I decided to reimplement the seek() call with a simple for loop, which is INCREDIBLY slow but... it works.

So I am now thinking that seek() is somehow broken...

Thanks, Josh

I wrote a 2 GB file, downloaded your program and tried it.

I only typed in characters until I got to position 122,880,000. It worked fine using SD.h.

Do you have access to a windows PC? If so do a check of the SD for corruption. Linux is great for ext3, ext4 but windoze is better for vfat.

Here is the last seek from my test.

56
incrementor is
256
index is
122880000
data.txt:
seek to
122880000
File position:
122880000
ABCDEFGHIJKLMNOPQRSTUVWXYZABCDEFGHIJKLMNOPQRSTUVWXYZABCDEFGHIJKLMNOPQRSTUVWXYZAReceived

I wrote the file using the SdFat bench example on a Due since it writes at 4 MB/sec but did the test with 1.0.6 on an Uno.

I ran another test with this at the end of your loop so I don’t need to type. I wrote the file position in each record

  index += 64000UL*512UL;

Here are tests near the end of the file.

seek to
1966080000
File position:
1966080000
1966080000 LMNOPQRSTUVWXYZABCDEFGHIJKLMNOPQRSTUVWXYZABCDEFGHIJKLMNOPQRSTUVWXYZAdata.txt:
seek to
1998848000
File position:
1998848000
1998848000 LMNOPQRSTUVWXYZABCDEFGHIJKLMNOPQRSTUVWXYZABCDEFGHIJKLMNOPQRSTUVWXYZAdata.txt:
seek to
2031616000
Seek error!

I am using a 32 GB card formatted with SdFormatter. It takes about 1.5 sec to seek to 1,998,848,000.

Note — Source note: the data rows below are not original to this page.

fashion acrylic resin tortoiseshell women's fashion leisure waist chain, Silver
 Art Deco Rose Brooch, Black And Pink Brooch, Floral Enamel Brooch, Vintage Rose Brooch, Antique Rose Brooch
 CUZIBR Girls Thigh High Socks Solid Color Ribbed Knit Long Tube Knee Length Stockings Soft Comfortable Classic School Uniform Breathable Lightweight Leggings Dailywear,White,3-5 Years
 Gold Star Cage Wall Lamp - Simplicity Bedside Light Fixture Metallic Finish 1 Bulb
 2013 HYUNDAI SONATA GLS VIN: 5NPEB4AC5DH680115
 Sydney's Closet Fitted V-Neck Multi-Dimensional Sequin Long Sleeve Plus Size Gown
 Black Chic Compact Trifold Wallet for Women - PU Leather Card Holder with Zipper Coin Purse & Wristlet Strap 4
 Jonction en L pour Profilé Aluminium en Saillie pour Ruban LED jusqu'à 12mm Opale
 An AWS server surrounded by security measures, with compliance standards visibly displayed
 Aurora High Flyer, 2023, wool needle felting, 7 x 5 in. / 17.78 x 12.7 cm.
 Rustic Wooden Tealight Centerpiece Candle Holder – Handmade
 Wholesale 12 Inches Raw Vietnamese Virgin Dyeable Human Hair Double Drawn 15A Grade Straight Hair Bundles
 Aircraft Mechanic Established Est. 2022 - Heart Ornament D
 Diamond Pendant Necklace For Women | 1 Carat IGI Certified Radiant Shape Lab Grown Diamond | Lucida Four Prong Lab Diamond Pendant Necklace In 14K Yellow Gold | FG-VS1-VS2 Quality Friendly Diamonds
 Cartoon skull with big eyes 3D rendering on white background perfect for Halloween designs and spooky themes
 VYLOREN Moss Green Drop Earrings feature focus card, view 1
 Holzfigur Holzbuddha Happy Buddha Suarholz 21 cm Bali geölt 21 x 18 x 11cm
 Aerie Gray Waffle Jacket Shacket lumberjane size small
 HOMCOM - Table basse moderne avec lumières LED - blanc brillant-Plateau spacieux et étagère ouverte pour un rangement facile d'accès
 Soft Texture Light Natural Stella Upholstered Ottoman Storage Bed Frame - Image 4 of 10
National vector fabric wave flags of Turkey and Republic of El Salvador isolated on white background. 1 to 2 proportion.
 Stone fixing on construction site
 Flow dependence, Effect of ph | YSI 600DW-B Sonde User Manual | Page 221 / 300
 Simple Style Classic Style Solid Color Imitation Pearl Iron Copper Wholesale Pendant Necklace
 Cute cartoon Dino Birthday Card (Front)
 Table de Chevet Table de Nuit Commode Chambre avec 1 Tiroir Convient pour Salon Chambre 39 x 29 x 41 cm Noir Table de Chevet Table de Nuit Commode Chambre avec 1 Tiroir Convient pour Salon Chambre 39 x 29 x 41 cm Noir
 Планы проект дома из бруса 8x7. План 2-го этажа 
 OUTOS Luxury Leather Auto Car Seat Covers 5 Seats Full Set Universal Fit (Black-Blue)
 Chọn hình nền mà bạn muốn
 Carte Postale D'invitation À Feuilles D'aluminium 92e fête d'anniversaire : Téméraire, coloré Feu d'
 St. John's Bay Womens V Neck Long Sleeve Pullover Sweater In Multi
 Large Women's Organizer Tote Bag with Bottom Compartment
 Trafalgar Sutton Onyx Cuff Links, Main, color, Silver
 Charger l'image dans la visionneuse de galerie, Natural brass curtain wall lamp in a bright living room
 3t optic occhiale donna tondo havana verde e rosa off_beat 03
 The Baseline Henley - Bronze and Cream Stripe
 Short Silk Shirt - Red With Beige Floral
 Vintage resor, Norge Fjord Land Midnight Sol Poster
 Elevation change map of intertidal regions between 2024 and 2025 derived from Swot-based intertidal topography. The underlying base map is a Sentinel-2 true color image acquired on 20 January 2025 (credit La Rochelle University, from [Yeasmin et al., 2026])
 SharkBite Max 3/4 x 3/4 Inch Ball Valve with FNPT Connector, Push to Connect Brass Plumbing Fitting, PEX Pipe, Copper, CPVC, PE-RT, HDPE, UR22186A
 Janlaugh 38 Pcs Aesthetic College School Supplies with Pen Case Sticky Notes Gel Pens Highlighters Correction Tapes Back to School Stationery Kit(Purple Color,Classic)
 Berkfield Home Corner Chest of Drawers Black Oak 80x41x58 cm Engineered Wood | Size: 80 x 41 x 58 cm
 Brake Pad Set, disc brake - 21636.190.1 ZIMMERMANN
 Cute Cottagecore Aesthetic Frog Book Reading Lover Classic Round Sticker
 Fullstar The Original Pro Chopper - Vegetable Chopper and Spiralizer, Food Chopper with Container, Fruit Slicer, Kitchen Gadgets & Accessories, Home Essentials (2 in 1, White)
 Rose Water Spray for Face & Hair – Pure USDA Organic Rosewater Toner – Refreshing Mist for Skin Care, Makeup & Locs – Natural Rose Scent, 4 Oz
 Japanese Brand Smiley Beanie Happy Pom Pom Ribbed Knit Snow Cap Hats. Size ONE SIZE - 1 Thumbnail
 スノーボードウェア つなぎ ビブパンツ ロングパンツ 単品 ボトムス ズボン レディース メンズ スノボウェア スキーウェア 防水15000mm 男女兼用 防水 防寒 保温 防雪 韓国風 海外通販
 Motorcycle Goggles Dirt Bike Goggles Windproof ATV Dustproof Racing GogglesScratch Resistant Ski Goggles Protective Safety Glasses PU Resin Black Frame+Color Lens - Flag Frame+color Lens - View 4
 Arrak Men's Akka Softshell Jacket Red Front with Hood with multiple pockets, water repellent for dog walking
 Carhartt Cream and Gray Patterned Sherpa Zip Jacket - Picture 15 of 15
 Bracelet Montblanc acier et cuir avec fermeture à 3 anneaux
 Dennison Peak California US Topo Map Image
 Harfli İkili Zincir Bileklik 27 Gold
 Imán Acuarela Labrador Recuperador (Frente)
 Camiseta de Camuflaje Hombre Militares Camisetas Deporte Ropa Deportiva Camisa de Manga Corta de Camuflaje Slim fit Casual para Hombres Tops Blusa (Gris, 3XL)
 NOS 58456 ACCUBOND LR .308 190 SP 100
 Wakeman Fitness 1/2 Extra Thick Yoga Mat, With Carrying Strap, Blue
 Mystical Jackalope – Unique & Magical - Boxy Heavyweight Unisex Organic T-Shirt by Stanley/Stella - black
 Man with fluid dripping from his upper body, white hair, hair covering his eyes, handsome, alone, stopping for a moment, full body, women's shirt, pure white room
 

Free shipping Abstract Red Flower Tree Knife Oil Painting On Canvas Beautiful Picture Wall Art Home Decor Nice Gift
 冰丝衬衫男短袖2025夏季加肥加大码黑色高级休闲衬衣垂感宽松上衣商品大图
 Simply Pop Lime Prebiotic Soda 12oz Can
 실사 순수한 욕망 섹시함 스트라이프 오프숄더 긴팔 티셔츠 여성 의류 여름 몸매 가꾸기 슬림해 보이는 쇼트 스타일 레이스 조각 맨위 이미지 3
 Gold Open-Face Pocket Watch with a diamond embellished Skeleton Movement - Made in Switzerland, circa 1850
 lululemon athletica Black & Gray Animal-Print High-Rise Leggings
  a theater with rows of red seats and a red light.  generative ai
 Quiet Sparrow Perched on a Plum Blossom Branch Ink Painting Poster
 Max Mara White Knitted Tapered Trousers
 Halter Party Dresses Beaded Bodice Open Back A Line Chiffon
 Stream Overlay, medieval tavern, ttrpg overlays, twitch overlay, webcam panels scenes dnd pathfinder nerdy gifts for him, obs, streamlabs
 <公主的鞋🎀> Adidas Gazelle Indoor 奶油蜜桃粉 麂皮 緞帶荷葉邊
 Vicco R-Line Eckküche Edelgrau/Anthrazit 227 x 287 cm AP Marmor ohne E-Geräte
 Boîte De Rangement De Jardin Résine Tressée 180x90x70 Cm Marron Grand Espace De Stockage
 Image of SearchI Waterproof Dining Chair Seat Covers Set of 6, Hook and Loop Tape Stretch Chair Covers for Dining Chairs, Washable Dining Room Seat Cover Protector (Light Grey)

Thank you for all your help. I did get this resolved.

I am embarrassed to say it was an "off by one" problem - in that the data.txt file I generated did not have 12000 byte records, but rather 12001 byte records, as my perl script which was used to create it added a line feed at the end of each record. Thus, each subsequent record was one byte deeper in the file.

I apologize for wasting everyone's time with this... I totally owe beers on this one!

Thanks, and Happy Holidays, Josh

Thanks for reporting the problem. After my last post I concluded that there must be a problem with the record layout and have been curious to know the solution.

It wasn't a waste of time, it has been a while since I verified seek works correctly for large files. I finally ran it with a max length 4 GB file. You should use an unsigned long index for files longer than 2 GB.

Perl, was/is a neat scripting language. I went through a phase of trying to use it for everything after Larry Wall developed it in the late 1980s. I had been using awk from the late 1970s and perl was a great upgrade.